**What needs to be done:** Omit all pictures. Quote the lines from the one with "ECR S5 Villa" through the end of the listing below, exactly as they appear.

**Given information:**
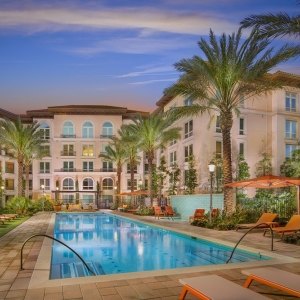 Photo of Santa Clara Square Apartment Homes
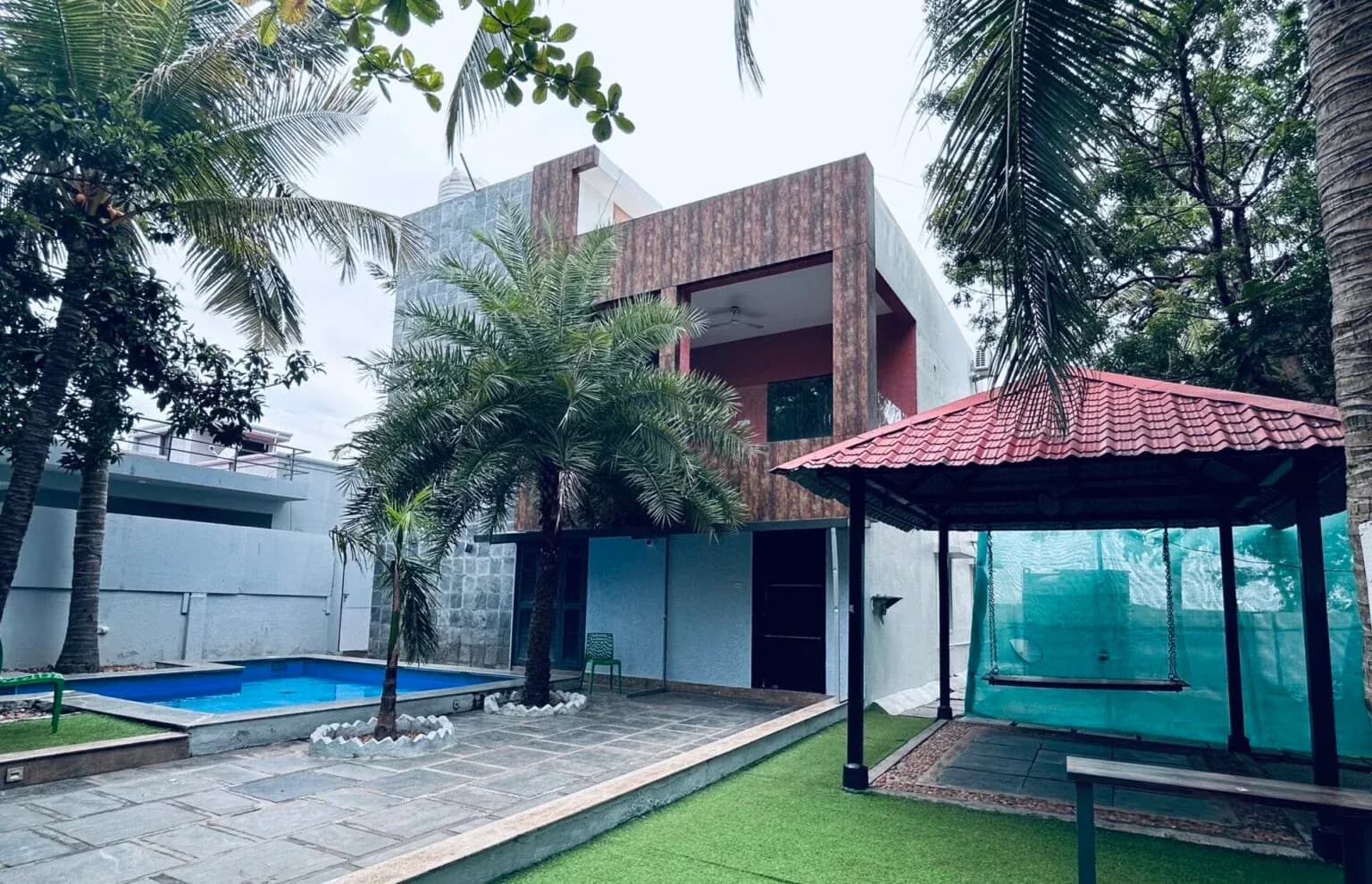 ECR S5 Villa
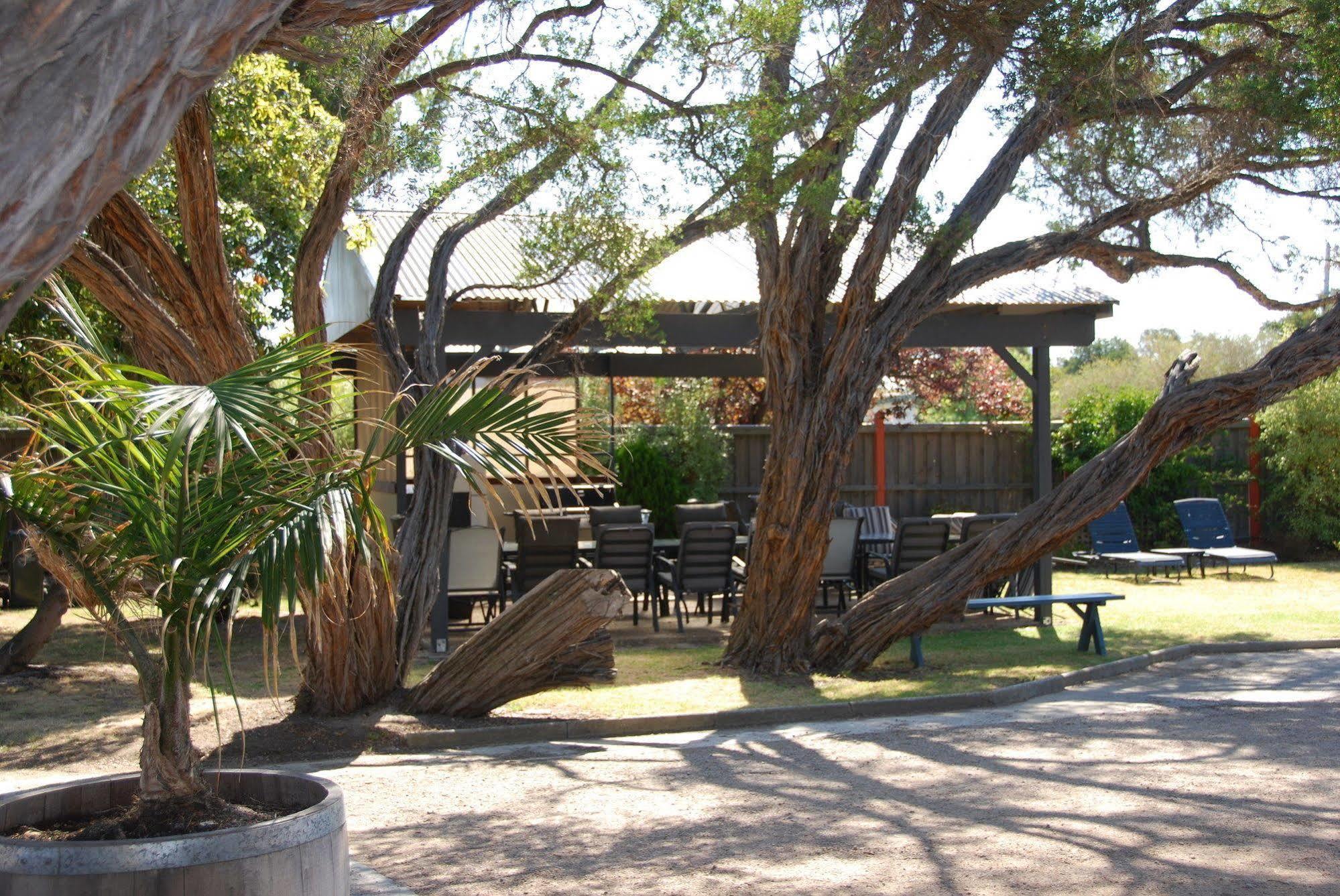 Rye Beach Motel Australia Eksteriør billede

**Written response:**
 ECR S5 Villa
 Rye Beach Motel Australia Eksteriør billede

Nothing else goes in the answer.